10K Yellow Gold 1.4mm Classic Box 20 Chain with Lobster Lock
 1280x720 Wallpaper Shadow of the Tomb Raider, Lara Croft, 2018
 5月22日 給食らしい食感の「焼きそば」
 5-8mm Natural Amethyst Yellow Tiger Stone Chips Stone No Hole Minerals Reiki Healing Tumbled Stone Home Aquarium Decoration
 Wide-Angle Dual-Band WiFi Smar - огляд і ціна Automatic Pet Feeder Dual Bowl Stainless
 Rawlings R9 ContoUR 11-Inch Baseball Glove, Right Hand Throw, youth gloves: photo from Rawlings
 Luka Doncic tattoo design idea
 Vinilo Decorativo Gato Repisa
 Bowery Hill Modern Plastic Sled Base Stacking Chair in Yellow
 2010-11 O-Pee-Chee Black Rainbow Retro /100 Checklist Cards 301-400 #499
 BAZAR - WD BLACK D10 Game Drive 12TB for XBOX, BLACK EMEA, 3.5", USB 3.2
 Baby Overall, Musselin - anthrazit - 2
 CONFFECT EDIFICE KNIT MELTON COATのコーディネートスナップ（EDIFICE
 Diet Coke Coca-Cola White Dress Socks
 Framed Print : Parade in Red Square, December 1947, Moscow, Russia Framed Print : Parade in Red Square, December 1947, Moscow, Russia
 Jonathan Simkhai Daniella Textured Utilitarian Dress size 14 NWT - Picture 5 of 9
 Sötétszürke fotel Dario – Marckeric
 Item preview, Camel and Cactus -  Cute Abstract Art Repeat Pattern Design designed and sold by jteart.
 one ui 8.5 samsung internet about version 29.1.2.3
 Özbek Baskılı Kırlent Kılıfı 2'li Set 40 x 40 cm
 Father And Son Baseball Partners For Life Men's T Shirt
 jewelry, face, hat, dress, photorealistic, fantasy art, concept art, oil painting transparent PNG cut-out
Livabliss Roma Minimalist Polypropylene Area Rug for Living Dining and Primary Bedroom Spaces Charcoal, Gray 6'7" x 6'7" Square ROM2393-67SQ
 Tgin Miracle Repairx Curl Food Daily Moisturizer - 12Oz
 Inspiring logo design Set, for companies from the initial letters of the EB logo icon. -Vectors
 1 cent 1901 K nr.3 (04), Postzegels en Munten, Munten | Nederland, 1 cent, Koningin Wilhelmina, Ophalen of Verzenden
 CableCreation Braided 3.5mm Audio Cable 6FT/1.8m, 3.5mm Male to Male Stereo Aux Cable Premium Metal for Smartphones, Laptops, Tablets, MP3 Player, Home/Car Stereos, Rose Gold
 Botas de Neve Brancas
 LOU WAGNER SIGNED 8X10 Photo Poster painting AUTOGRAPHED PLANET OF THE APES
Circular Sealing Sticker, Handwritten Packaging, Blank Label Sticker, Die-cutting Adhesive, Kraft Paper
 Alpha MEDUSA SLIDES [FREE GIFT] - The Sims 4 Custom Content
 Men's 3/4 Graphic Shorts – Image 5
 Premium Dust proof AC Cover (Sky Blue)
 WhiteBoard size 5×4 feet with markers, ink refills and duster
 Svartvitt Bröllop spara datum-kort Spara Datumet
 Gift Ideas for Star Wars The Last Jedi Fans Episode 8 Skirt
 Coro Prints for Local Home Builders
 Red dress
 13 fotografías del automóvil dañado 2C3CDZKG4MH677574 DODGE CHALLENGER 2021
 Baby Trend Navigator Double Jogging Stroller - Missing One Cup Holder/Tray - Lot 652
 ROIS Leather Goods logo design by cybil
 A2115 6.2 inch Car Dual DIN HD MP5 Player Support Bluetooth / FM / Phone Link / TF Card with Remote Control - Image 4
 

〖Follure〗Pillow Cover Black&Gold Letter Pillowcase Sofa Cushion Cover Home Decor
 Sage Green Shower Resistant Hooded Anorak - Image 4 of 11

=====

* Your assignment: Return everything in the records. Keep each line exactly as written.

* Task output:
10K Yellow Gold 1.4mm Classic Box 20 Chain with Lobster Lock
 1280x720 Wallpaper Shadow of the Tomb Raider, Lara Croft, 2018
 5月22日 給食らしい食感の「焼きそば」
 5-8mm Natural Amethyst Yellow Tiger Stone Chips Stone No Hole Minerals Reiki Healing Tumbled Stone Home Aquarium Decoration
 Wide-Angle Dual-Band WiFi Smar - огляд і ціна Automatic Pet Feeder Dual Bowl Stainless
 Rawlings R9 ContoUR 11-Inch Baseball Glove, Right Hand Throw, youth gloves: photo from Rawlings
 Luka Doncic tattoo design idea
 Vinilo Decorativo Gato Repisa
 Bowery Hill Modern Plastic Sled Base Stacking Chair in Yellow
 2010-11 O-Pee-Chee Black Rainbow Retro /100 Checklist Cards 301-400 #499
 BAZAR - WD BLACK D10 Game Drive 12TB for XBOX, BLACK EMEA, 3.5", USB 3.2
 Baby Overall, Musselin - anthrazit - 2
 CONFFECT EDIFICE KNIT MELTON COATのコーディネートスナップ（EDIFICE
 Diet Coke Coca-Cola White Dress Socks
 Framed Print : Parade in Red Square, December 1947, Moscow, Russia Framed Print : Parade in Red Square, December 1947, Moscow, Russia
 Jonathan Simkhai Daniella Textured Utilitarian Dress size 14 NWT - Picture 5 of 9
 Sötétszürke fotel Dario – Marckeric
 Item preview, Camel and Cactus -  Cute Abstract Art Repeat Pattern Design designed and sold by jteart.
 one ui 8.5 samsung internet about version 29.1.2.3
 Özbek Baskılı Kırlent Kılıfı 2'li Set 40 x 40 cm
 Father And Son Baseball Partners For Life Men's T Shirt
 jewelry, face, hat, dress, photorealistic, fantasy art, concept art, oil painting transparent PNG cut-out
Livabliss Roma Minimalist Polypropylene Area Rug for Living Dining and Primary Bedroom Spaces Charcoal, Gray 6'7" x 6'7" Square ROM2393-67SQ
 Tgin Miracle Repairx Curl Food Daily Moisturizer - 12Oz
 Inspiring logo design Set, for companies from the initial letters of the EB logo icon. -Vectors
 1 cent 1901 K nr.3 (04), Postzegels en Munten, Munten | Nederland, 1 cent, Koningin Wilhelmina, Ophalen of Verzenden
 CableCreation Braided 3.5mm Audio Cable 6FT/1.8m, 3.5mm Male to Male Stereo Aux Cable Premium Metal for Smartphones, Laptops, Tablets, MP3 Player, Home/Car Stereos, Rose Gold
 Botas de Neve Brancas
 LOU WAGNER SIGNED 8X10 Photo Poster painting AUTOGRAPHED PLANET OF THE APES
Circular Sealing Sticker, Handwritten Packaging, Blank Label Sticker, Die-cutting Adhesive, Kraft Paper
 Alpha MEDUSA SLIDES [FREE GIFT] - The Sims 4 Custom Content
 Men's 3/4 Graphic Shorts – Image 5
 Premium Dust proof AC Cover (Sky Blue)
 WhiteBoard size 5×4 feet with markers, ink refills and duster
 Svartvitt Bröllop spara datum-kort Spara Datumet
 Gift Ideas for Star Wars The Last Jedi Fans Episode 8 Skirt
 Coro Prints for Local Home Builders
 Red dress
 13 fotografías del automóvil dañado 2C3CDZKG4MH677574 DODGE CHALLENGER 2021
 Baby Trend Navigator Double Jogging Stroller - Missing One Cup Holder/Tray - Lot 652
 ROIS Leather Goods logo design by cybil
 A2115 6.2 inch Car Dual DIN HD MP5 Player Support Bluetooth / FM / Phone Link / TF Card with Remote Control - Image 4
 

〖Follure〗Pillow Cover Black&Gold Letter Pillowcase Sofa Cushion Cover Home Decor
 Sage Green Shower Resistant Hooded Anorak - Image 4 of 11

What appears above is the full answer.